PROVIDED RECORDS –
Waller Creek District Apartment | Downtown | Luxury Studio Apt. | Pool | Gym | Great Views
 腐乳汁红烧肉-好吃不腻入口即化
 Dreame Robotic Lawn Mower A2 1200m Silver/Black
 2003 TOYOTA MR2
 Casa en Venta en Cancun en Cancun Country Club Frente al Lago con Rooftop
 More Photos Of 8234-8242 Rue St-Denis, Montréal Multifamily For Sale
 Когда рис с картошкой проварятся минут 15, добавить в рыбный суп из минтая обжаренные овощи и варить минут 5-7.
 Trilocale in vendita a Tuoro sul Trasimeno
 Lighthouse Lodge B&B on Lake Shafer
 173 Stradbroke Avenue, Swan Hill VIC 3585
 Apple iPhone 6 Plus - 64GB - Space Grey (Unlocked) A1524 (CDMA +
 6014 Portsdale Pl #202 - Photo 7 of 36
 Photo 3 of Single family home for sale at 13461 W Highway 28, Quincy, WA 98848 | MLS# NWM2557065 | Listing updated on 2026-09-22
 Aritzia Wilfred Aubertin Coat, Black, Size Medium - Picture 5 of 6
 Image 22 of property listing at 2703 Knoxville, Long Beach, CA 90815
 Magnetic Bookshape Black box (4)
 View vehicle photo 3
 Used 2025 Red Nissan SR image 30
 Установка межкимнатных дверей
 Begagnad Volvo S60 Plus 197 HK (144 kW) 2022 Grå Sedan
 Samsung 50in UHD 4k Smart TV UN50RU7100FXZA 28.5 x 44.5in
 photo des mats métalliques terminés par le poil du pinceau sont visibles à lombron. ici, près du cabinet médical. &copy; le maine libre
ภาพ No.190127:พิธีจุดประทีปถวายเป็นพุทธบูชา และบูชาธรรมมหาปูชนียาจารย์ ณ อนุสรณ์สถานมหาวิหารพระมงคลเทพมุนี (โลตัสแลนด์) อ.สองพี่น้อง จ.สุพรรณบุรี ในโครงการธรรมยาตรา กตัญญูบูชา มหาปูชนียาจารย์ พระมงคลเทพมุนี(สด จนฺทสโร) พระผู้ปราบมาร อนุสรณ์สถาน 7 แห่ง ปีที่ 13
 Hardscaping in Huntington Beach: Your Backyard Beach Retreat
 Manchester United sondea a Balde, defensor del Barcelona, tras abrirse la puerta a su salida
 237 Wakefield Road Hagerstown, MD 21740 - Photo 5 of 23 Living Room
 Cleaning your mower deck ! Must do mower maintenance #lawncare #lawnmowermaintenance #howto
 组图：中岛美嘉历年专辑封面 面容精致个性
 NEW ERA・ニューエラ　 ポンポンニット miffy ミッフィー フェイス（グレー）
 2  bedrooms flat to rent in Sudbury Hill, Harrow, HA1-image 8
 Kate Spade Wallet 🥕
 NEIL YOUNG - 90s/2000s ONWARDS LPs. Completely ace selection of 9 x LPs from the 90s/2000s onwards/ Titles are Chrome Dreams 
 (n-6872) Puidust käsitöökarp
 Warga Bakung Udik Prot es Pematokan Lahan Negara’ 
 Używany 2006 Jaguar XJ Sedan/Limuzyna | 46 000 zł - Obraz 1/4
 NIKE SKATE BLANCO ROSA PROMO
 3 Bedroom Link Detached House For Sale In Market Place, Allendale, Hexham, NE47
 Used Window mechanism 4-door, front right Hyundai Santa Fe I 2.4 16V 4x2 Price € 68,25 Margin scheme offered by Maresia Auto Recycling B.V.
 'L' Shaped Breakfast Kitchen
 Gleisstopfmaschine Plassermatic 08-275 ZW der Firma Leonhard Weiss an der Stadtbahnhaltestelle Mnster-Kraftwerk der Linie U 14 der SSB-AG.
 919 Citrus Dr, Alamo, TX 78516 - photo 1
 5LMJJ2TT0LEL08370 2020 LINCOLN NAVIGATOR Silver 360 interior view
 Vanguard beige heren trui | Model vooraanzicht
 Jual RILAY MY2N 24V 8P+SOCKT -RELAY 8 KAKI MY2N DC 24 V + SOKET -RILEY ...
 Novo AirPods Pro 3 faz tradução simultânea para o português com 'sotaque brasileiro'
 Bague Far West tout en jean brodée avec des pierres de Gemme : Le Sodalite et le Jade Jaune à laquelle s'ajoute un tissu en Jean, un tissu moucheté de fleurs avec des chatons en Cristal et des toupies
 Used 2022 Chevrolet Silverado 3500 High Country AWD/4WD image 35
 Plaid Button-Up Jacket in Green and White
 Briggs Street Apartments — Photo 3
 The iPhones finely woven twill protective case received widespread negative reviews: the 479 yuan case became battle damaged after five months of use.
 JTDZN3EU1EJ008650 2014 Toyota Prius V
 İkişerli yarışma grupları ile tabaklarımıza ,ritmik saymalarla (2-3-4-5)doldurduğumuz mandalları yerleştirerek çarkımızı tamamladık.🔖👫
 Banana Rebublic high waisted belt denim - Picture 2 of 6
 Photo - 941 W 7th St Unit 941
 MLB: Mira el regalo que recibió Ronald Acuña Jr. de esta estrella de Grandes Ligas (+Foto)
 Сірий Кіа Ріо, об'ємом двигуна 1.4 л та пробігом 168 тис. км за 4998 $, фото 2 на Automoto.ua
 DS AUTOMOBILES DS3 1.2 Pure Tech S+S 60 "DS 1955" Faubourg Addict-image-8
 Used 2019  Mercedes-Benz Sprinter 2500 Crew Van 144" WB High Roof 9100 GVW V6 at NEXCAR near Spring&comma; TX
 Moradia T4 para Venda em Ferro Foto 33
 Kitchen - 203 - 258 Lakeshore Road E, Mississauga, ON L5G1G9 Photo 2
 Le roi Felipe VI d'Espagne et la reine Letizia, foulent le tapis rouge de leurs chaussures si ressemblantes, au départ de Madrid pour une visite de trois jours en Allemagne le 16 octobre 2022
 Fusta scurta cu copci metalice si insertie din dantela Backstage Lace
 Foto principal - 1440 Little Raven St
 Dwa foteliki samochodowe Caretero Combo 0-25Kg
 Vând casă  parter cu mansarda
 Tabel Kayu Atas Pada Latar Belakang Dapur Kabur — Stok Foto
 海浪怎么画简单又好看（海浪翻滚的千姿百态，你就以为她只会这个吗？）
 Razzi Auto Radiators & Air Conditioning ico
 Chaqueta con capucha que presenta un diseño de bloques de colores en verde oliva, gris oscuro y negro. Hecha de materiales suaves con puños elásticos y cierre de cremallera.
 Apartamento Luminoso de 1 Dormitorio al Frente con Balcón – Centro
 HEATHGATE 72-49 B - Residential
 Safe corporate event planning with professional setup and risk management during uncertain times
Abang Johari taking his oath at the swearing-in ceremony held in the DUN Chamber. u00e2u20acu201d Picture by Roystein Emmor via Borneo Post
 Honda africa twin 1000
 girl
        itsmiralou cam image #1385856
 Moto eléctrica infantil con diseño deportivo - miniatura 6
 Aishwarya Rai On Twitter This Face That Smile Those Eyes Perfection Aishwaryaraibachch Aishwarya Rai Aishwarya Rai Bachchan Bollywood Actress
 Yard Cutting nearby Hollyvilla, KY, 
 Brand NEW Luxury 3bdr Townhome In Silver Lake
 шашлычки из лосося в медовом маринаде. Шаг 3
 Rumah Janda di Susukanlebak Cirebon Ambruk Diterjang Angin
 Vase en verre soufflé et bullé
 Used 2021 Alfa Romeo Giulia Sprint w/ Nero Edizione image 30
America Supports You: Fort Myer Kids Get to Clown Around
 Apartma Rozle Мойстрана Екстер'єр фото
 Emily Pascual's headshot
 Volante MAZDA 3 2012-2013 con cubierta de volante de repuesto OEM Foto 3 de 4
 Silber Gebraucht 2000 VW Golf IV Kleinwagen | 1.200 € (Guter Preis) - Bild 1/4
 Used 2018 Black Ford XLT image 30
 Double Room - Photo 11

PROBLEM STATEMENT –
Which lines run from the one holding "İkişerli yarışma grupları" through the one holding "Moto eléctrica infantil" in the records above? Repeat them exactly, both included, and nothing more.

FINAL ANSWER –
 İkişerli yarışma grupları ile tabaklarımıza ,ritmik saymalarla (2-3-4-5)doldurduğumuz mandalları yerleştirerek çarkımızı tamamladık.🔖👫
 Banana Rebublic high waisted belt denim - Picture 2 of 6
 Photo - 941 W 7th St Unit 941
 MLB: Mira el regalo que recibió Ronald Acuña Jr. de esta estrella de Grandes Ligas (+Foto)
 Сірий Кіа Ріо, об'ємом двигуна 1.4 л та пробігом 168 тис. км за 4998 $, фото 2 на Automoto.ua
 DS AUTOMOBILES DS3 1.2 Pure Tech S+S 60 "DS 1955" Faubourg Addict-image-8
 Used 2019  Mercedes-Benz Sprinter 2500 Crew Van 144" WB High Roof 9100 GVW V6 at NEXCAR near Spring&comma; TX
 Moradia T4 para Venda em Ferro Foto 33
 Kitchen - 203 - 258 Lakeshore Road E, Mississauga, ON L5G1G9 Photo 2
 Le roi Felipe VI d'Espagne et la reine Letizia, foulent le tapis rouge de leurs chaussures si ressemblantes, au départ de Madrid pour une visite de trois jours en Allemagne le 16 octobre 2022
 Fusta scurta cu copci metalice si insertie din dantela Backstage Lace
 Foto principal - 1440 Little Raven St
 Dwa foteliki samochodowe Caretero Combo 0-25Kg
 Vând casă  parter cu mansarda
 Tabel Kayu Atas Pada Latar Belakang Dapur Kabur — Stok Foto
 海浪怎么画简单又好看（海浪翻滚的千姿百态，你就以为她只会这个吗？）
 Razzi Auto Radiators & Air Conditioning ico
 Chaqueta con capucha que presenta un diseño de bloques de colores en verde oliva, gris oscuro y negro. Hecha de materiales suaves con puños elásticos y cierre de cremallera.
 Apartamento Luminoso de 1 Dormitorio al Frente con Balcón – Centro
 HEATHGATE 72-49 B - Residential
 Safe corporate event planning with professional setup and risk management during uncertain times
Abang Johari taking his oath at the swearing-in ceremony held in the DUN Chamber. u00e2u20acu201d Picture by Roystein Emmor via Borneo Post
 Honda africa twin 1000
 girl
        itsmiralou cam image #1385856
 Moto eléctrica infantil con diseño deportivo - miniatura 6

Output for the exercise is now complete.